I thought that come and see was crap! But the Partisans in the woods did look good.Just watched 9th company on my mums/step-Dads 50 inch telly with surround sound was * great! I thought the troops portrayed in 9th company were from Siberia?
They were Siberian if I remember rightly as they all got called up together. The worst thing about that 'Come and See' was the lingering face shots, what the fcuk was that all about!! Apparently there's another one called 'Star', anyone seen that one?
Yeah and it was just wierd! If the Star is the one i think it is its very very good about a group of Soviet snipers behind the lines then its a cracker.
 
#18
Suddick said:
I suppose I'm wondering if it was accurate. After all, we have all heard Sean Connery's 'Oirish' accent etc. I find UK/USA films sometimes get this so wrong it detracts from the film itself.

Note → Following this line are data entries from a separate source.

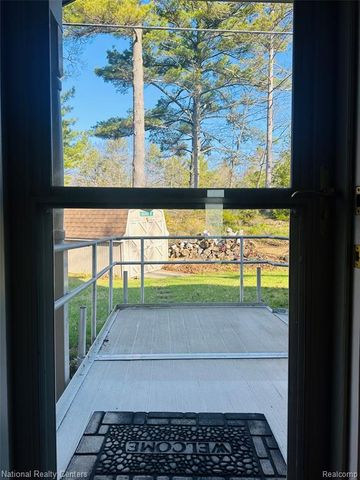 1390 N Us 23, East Tawas, MI 48730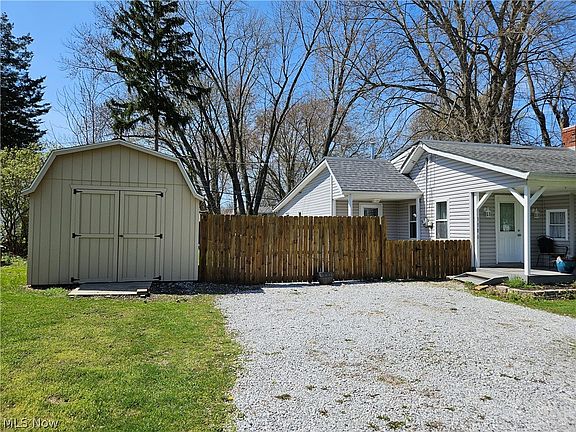 2nd image of 1580 Park Ave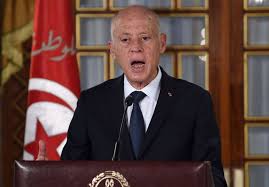 اتهم رئيس البرلمان التونسي زعيم حركة النهضة راشد الغنوشي الرئيس قيس سعيد بالانقلاب على الثورة والدستور، وذلك بعدما أعلن سعيد، اليوم الأحد، تجميد عمل البرلمان وإقالة الحكومة. Ø¨Ø¹Ø¯ Ø³ÙØ© ÙÙ Ø§ÙÙØµØ± Ø§ÙØ±Ø¦ÙØ³ ÙÙØ³ Ø³Ø¹ÙØ¯ ÙÙ ÙÙØ²Ø§Ù Ø±Ø¬Ø§Ù Ø§ÙÙØ§ÙÙÙ Attounisiyoun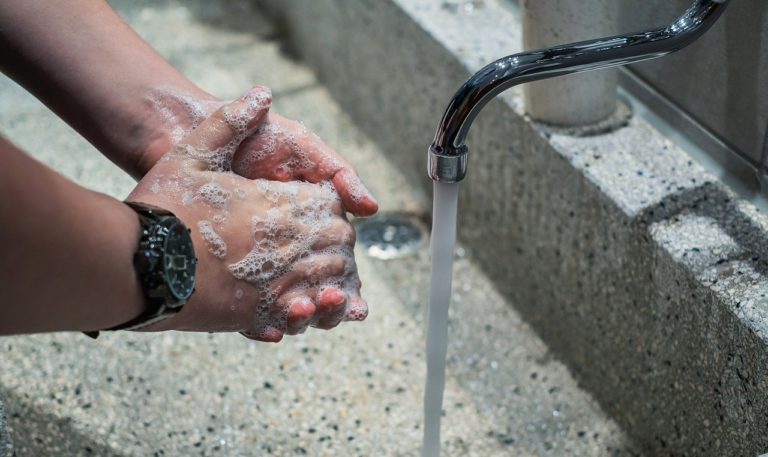 Vallo della Lucania, disinfettante per le mani ‘tarocco’: denunciati in due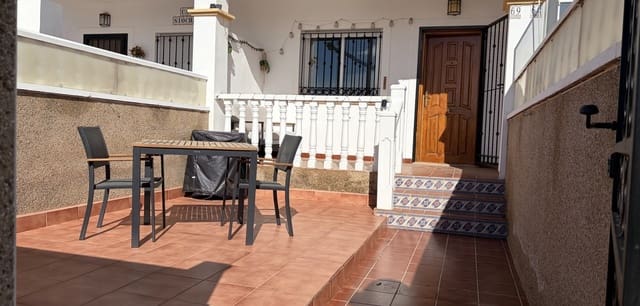 2 makuuhuone Omakotitalo myytävänä paikassa Punta Prima, Orihuela mukana uima-altaan - 179 950 € (Ref: 9776924)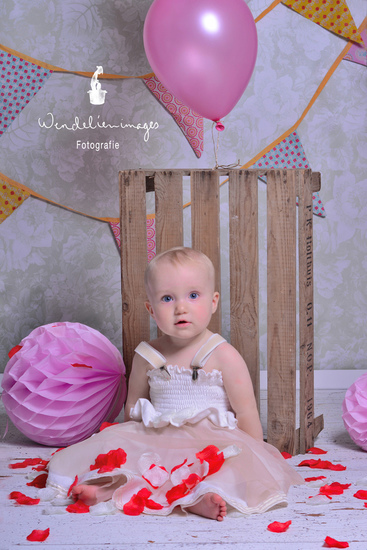 Roosje met rozenblaadjes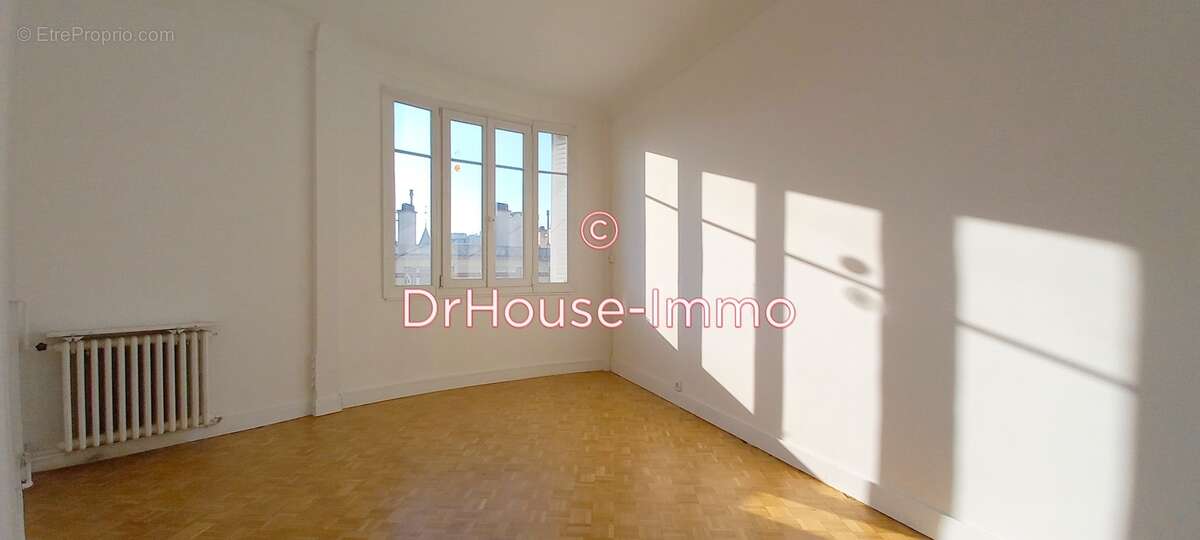 Appartement à PARIS-19E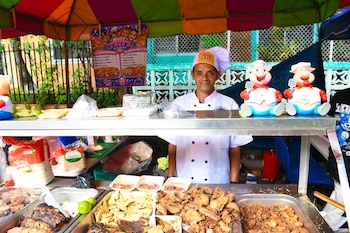 La actividad organizada este 18 de octubre en el distrito de La Paz reunió a vendedores de platillos porcinos, espectáculos en cuatro tarimas y degustaciones gratuitas entregadas por la alcaldía de La Paz Este (Foto cortesía La Paz Este Distrito San Rafael Obrajuelo)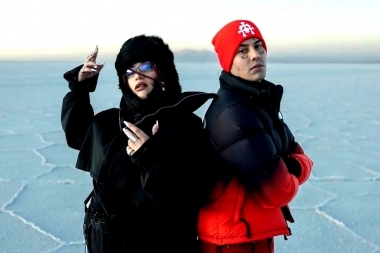 En la víspera de su nuevo disco, Duki mira a las estrellas y lanza “Constelación” con Lia Kali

I remember reading something about Stalin having a strong Caucasian accent and being mocked for it (behind his back). However, to me, it doesn't sound any different to Putin for example. Not being a Russian speaker and not having spent any time there, I wondered if film makers have a sort of Russian RP that actors use or whether, like 'The Way Ahead' regional accents were used to show that it was the whole nation that was at war.

Lewis and Jack D seem to be saying that the troops were Siberian. That would answer the point about whether the accents were all the same. However, it begs the question whether the accent was Siberian.

.
USSR was a multiethnic country (more then 100 nations), hence lots of accents. The strongest ones -- Caucasian (Georgian, Azerbaijani, Armenian, etc.) and Central-Asian. As for Siberian accents, they do tend to overuse the sound "o" and shorten certain vowels, other then that it's not much different from central Russia. One of my aunties live in Novosibirsk and I can't say that her accent draws my attention.
 
#19
Ooops!!!!....... :oops:

"My Bad" as they say......

Canny bleev I posted that on arrse by mistake - nuthn embarassing just blew my "cover"....

PM to Chief Joseph on the subject of Don Malarkey's book. If he hasn't read the post I'm sure everybody that did will be able to tell him what it said.

Time to change Corps AND not read/reply on ARRSE when on vodka therapy

:D
 
#20
the "a" is pronounced long and takes the stress, a better transliteration would be:

mu-jaa-hid-een.

It is from the same root as Ji-haad, as mentioned previously.